(Records from a data source)
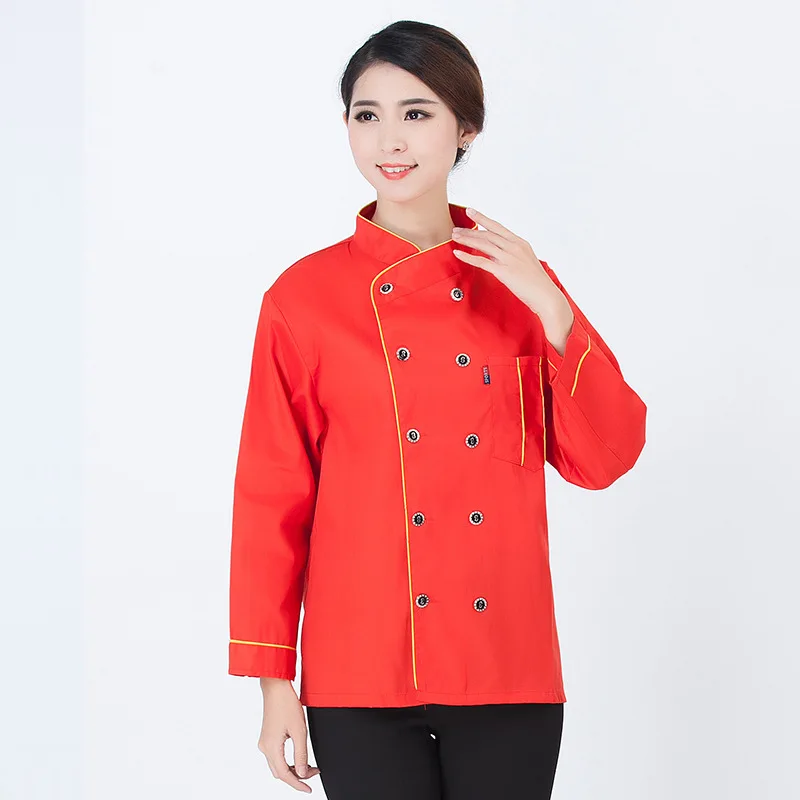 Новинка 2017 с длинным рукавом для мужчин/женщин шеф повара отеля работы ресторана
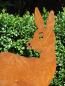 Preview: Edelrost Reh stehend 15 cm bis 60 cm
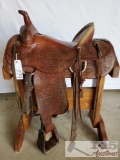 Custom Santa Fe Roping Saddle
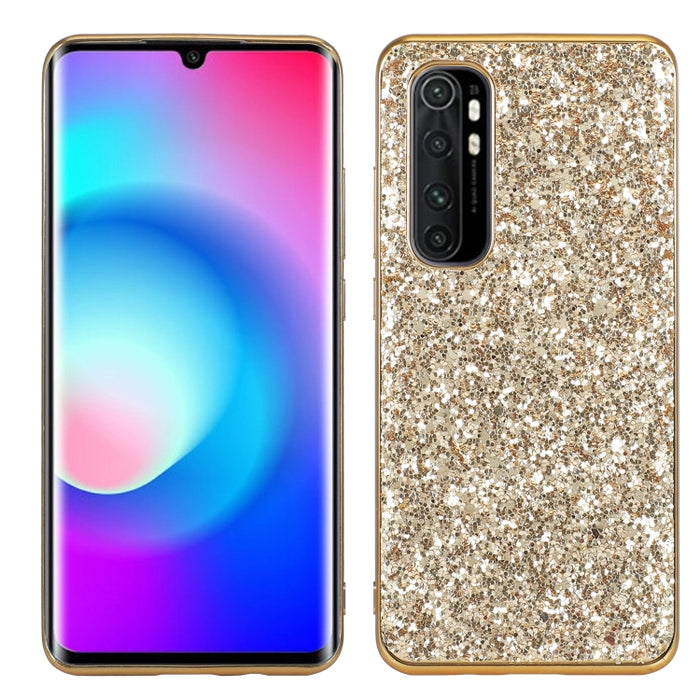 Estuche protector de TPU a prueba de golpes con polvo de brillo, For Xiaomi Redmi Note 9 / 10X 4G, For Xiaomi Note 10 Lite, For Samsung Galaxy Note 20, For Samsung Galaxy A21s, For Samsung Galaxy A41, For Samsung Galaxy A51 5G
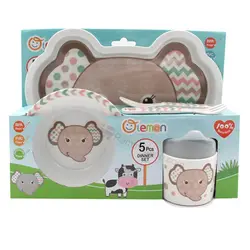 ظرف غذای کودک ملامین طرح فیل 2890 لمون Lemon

Description of the task → Output every entry verbatim. Pictures do not belong in the copy.

Task result →
 Новинка 2017 с длинным рукавом для мужчин/женщин шеф повара отеля работы ресторана
 Preview: Edelrost Reh stehend 15 cm bis 60 cm
 Custom Santa Fe Roping Saddle
 Estuche protector de TPU a prueba de golpes con polvo de brillo, For Xiaomi Redmi Note 9 / 10X 4G, For Xiaomi Note 10 Lite, For Samsung Galaxy Note 20, For Samsung Galaxy A21s, For Samsung Galaxy A41, For Samsung Galaxy A51 5G
 ظرف غذای کودک ملامین طرح فیل 2890 لمون Lemon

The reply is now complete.